Plutarch (1936). Moralia (translated by F.C. Babbitt), Loeb Classical Library. Cambridge, MA: Harvard University Press. [PA4368.A2]


Plutarch was a philosopher of the first and second centuries AD. He was an independent thinker, but was known best for his biographies of other philosophers.

Plutarch, Isis and Osiris, 377-378 (pp. 156-157)


... just as the sun and the moon and the heavens and the earth and the sea are common to all, but are called by different names by different peoples, so for that one rationality [logos] which keeps all these things in order and the one Providence which watches over them and the ancillary powers that are set over all, there have arisen among different peoples, in accordance with their customs, different honors and appellations. ...

Marcus Aurelius (1916). The Communings With Himself of Marcus Aurelius, Emperor of Rome (translated by C.R. Haines), Loeb Classical Library. Cambridge, MA: Harvard University Press. [PA3939.A2]


Marcus Aurelius was a Roman emperor and Stoic philosopher of the third century, AD. His philosophy, while not entirely systematic, was a practical rule of life rather than an esoteric doctrine. Though he lived and wrote long after the time the fourth gospel was written, it is believed his thoughts on The Logos were pretty representative of Stoic thought around that time.

Marcus Aurelius, IV, 4 (pp. 70-71)


If the intellectual capacity is common to us all, common too is the reason [logos], which makes us rational creatures. If so, that reason [logos] also is common which tells us to do or not to do. ...

Marcus Aurelius, IV, 29 (pp. 82-85)


... He is an exile who exiles himself from civic reason [logos], ... he who renounces, and severs himself from, the reason [logos] of our common Nature, because he is ill-pleased at what happens -- for the same Nature brings this into being, that also brought thee; a limb cut off from the community, he who cuts off his own soul from the soul of all rational [logical] things, which is but one.

Marcus Aurelius, V, 27 (pp. 122-123)


Walk with the Gods! And he does walk with the Gods, who lets them see his soul invariably satisfied with its lot and carrying out the will of that 'genius,' a particle of himself, which Zeus has given to every man as his captain and guide -- and this is none other than each man's intelligence and reason [logos].

Marcus Aurelius, V, 21 (pp. 124-125)


... What soul, then, has skill and knowledge? Even that which knoweth beginning and end, and the reason [logos] that informs all Substance, and governs the Whole from ordered cycle to cycle through all eternity.

Marcus Aurelius, VI, 1 (pp. 130-131)


The Universal Substance is docile and ductile; and the Reason [Logos] that controls it has no motive in itself to do wrong. For it hath no wrongness and doeth no wrong, nor is anything harmed by it. But all things come into being and fulfill their purpose as it directs.

Marcus Aurelius, VII, 53 (pp. 184-187)


A work that can be accomplished in obedience to that reason [logos] which we share with the Gods is attended with no fear. For no harm need be anticipated, where by an activity that follows the right road and satisfies the demands of our constitution, we can ensure our own weal.



The Hellenistic Jews

Philo of Alexandria (1993). The Works of Philo, translated by C.D. Yonge. Peabody, MA: Hendrickson Publishers.

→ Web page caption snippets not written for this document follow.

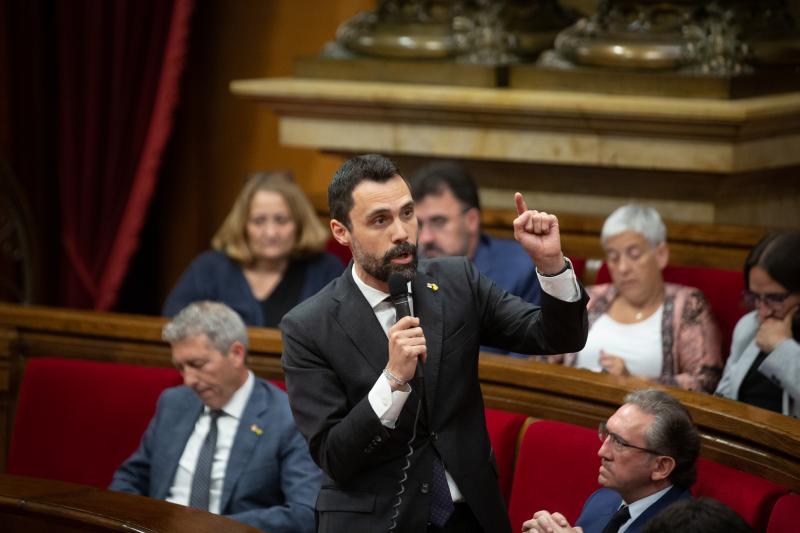 Roger Torrent interviene en el Parlament. 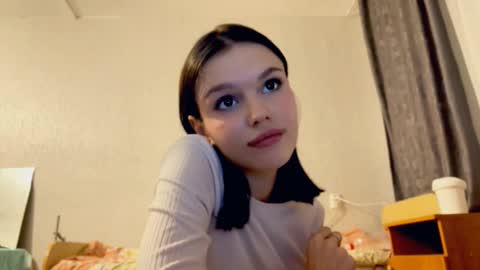 Snapshot of janethcensky chatting on 11-30-25, 02:32 Aleksia online show from 11-30-25, 02:32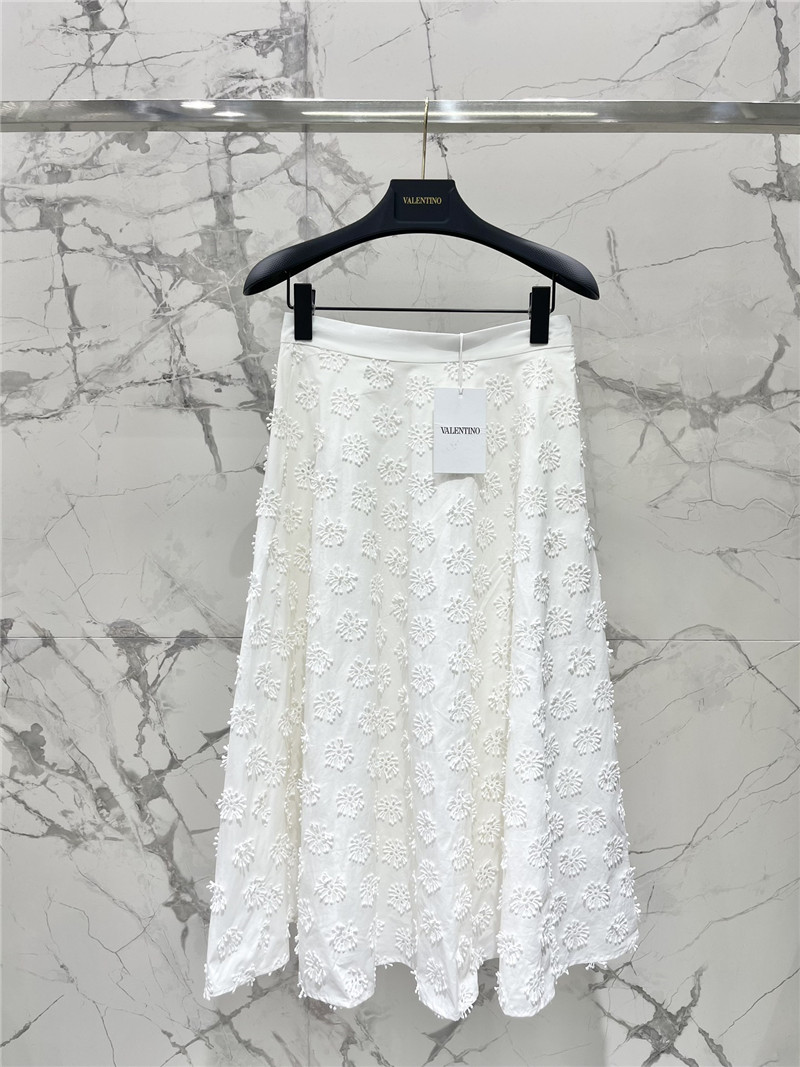 Va1e*ntin0 hollow embroidered skirt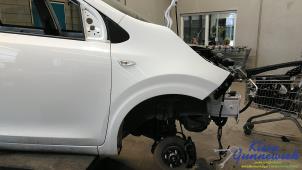 Gebruikte Scherm rechts-voor Kia Picanto Prijs € 195,00 Margeregeling aangeboden door Klein Gunnewiek Autodemontage & Motorentechniek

Philo was a Jew of Alexandria who lived around the time of Christ. He wrote elaborate allegories of the books of the Bible attributed to Moses, interpreting Mosaic writings in terms of Greek philosophy. As such, his writings constitute a summary of Greek thought prevalent up to his time.

Philo, On the Creation V (20) (p. 4)

As therefore the city, when previously shadowed out in the mind of the man of architectural skill had no external place, but was stamped solely in the mind of the workman, so in the same manner neither can the world which existed in ideas have had any other local position except the divine reason [logos] which made them ...

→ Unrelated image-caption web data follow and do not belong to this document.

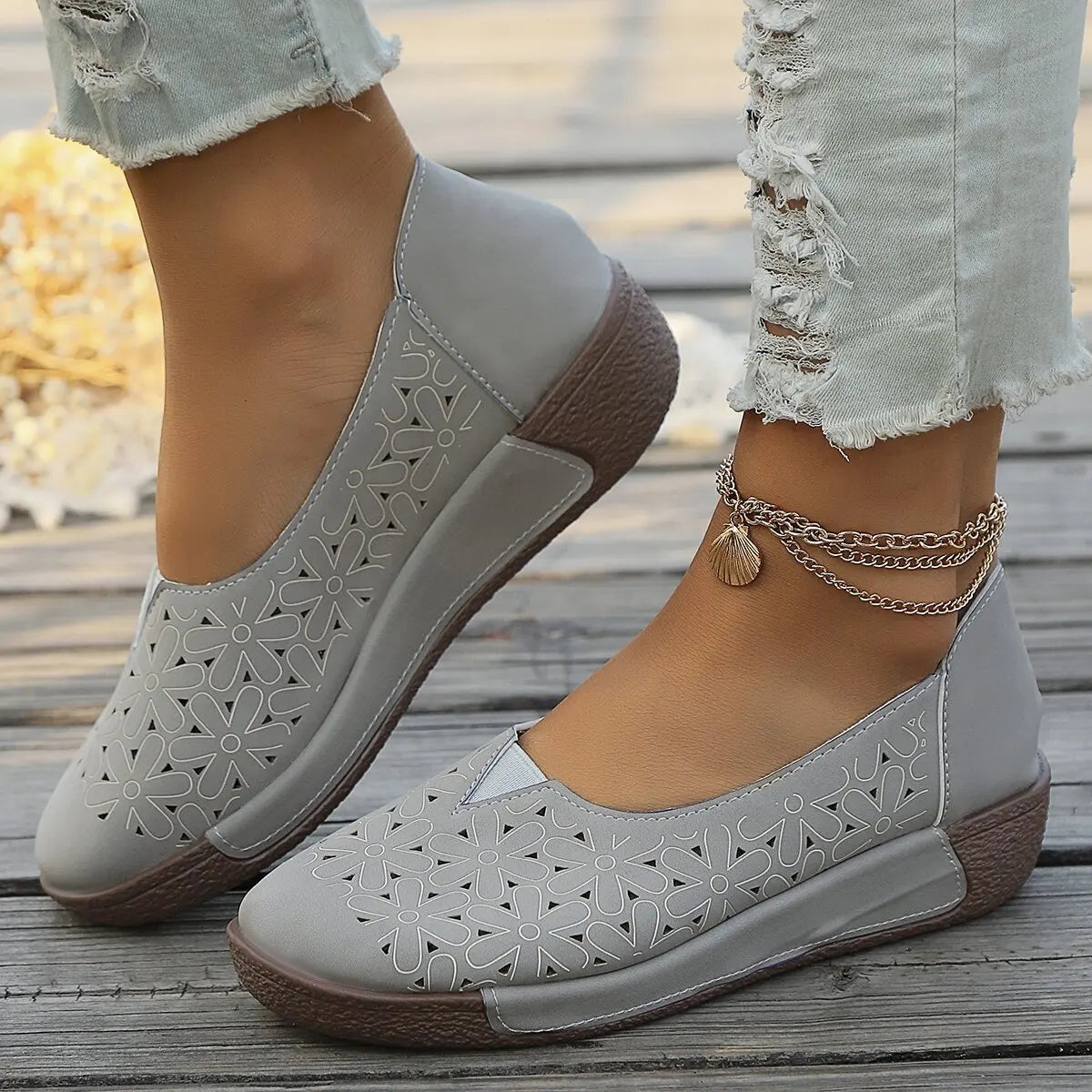 Mocasines ortopédicos para mujer con empeine de cuero y suela de cuña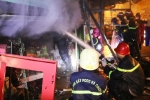 Cảnh sát cắt cửa, dập tắt đám cháy ở chợ Nhị Thiên Đường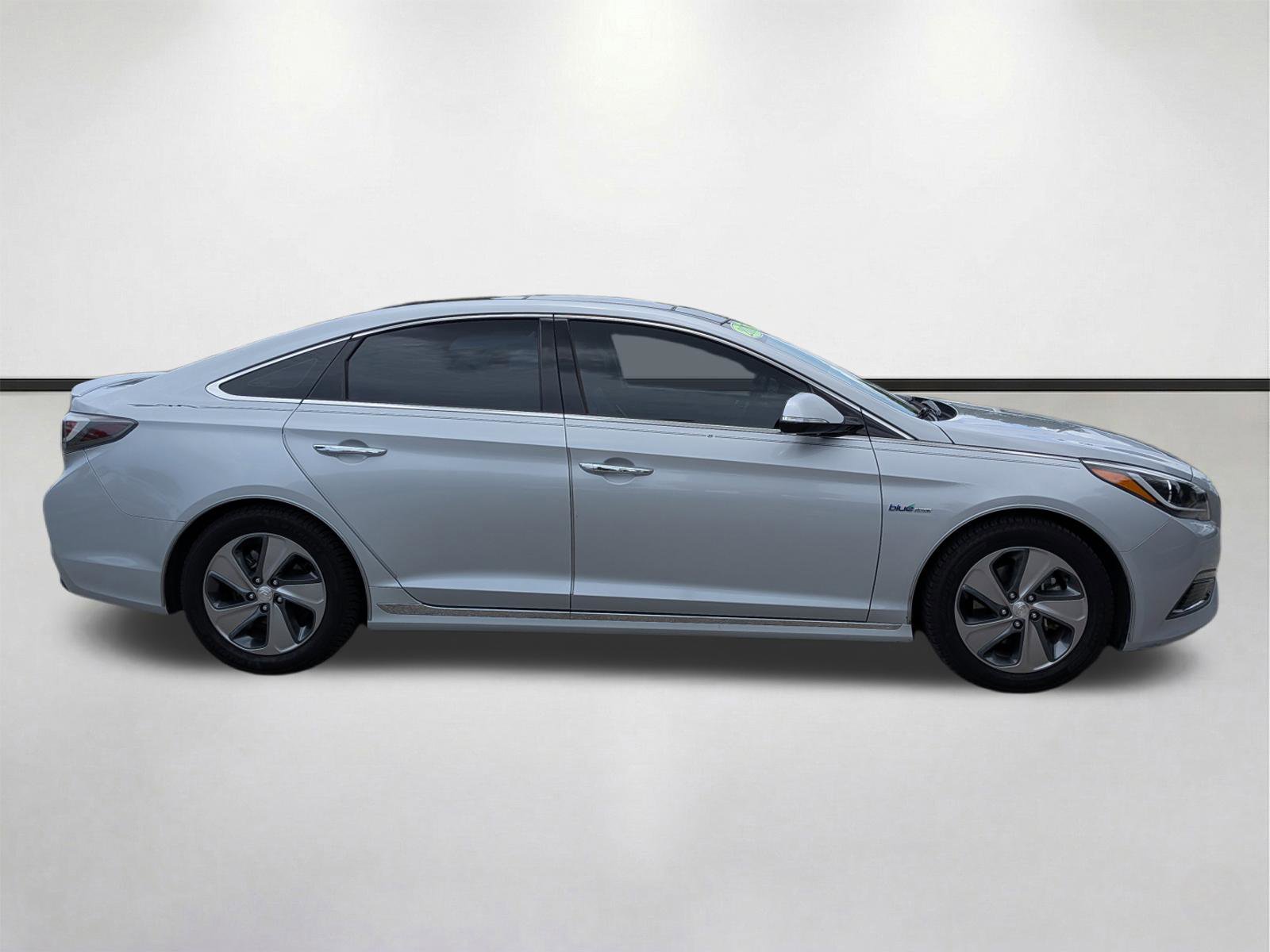 Used 2017 Hyundai Sonata Limited w/ Ultimate Package 02 FWD image 3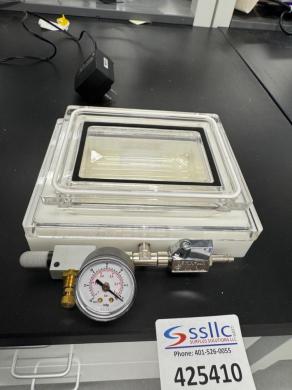Porvair Sciences Vacuum Manifold with Integrated Vacuum Gauge and Control Valve-cover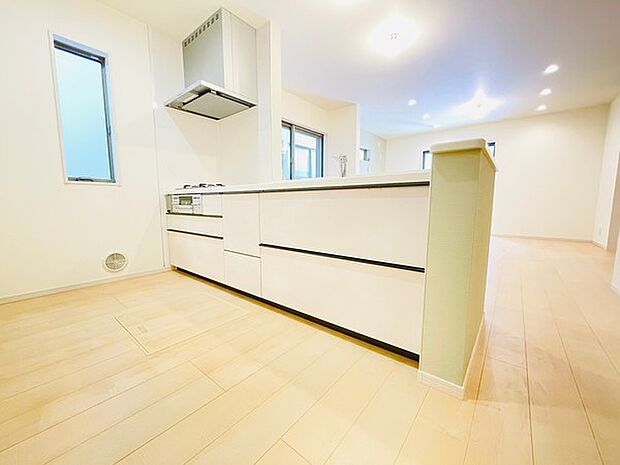 【同仕様】キッチン料理をしながらお子様の様子を見守れますね♪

Philo, On the Creation X (36) (p. 6)

The incorporeal world then was already completed, having its seat in the Divine Reason [Logos]; and the world, perceptible by the external senses, was made on the model of it; ...

Philo, On the Creation XLVIII (139) (p. 20)

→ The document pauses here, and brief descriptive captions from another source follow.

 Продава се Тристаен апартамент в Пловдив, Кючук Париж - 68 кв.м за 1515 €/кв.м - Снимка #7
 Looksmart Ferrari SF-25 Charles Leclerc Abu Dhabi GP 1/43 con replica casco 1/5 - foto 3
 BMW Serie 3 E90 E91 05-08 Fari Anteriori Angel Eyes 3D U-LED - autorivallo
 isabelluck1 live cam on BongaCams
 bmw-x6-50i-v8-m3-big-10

... For God does not seem to have availed himself of any other animal existing in creation as his model in the formation of man; but to have been guided, as I have said before, by his own reason [logos] alone. ...

Philo, On the Creation LI (146) (p. 21)

... Every man in regard of his intellect is connected with divine reason [logos], being an impression of, or a fragment or ray of that blessed nature ...

Philo, Allegorical Interpretation III XXXI (96) (p. 61)

... But the shadow of God is his word [logos], which he used like an instrument when he was making the world. And this shadow, and, as it were, model, is the archetype of other things. ...

Philo, On the Cherubim -- Part 1 XI (35) (p. 84)

... it is not the pursuits which you follow that are the causes of your participation in good or in evil, but rather the divine reason [logos], which is the helmsman and governor of the universe ...

Philo, On Husbandry XII (45) (p. 178)

... For God, like a shepherd and king, governs (as if they were a flock of sheep) the earth, and the water, and the fire, and the air and all the plants, and living creatures that are in them, whether mortal or divine; and he regulates the nature of the heaven, and the periodical revolutions of the sun and moon, and the variations and harmonious movements of the other stars, ruling them according to law and justice; appointing as their immediate superintendent, his own right reason [logos], his first-born son, who is to receive the charge of this sacred company, as the lieutenant of the great king; ...

Philo, Who Is the Heir of Divine Things XXVI (130) (p. 287)

... it was the untaught God who divides them, and that he divided all the natures of bodies and things one after another, which appeared to be closely fitted together and united by his word [logos], which cuts through everything; which being sharpened to the finest possible edge, never ceases dividing all the objects of the outward senses, ...

Philo, Who Is the Heir of Divine Things XXVII (140) (p. 287)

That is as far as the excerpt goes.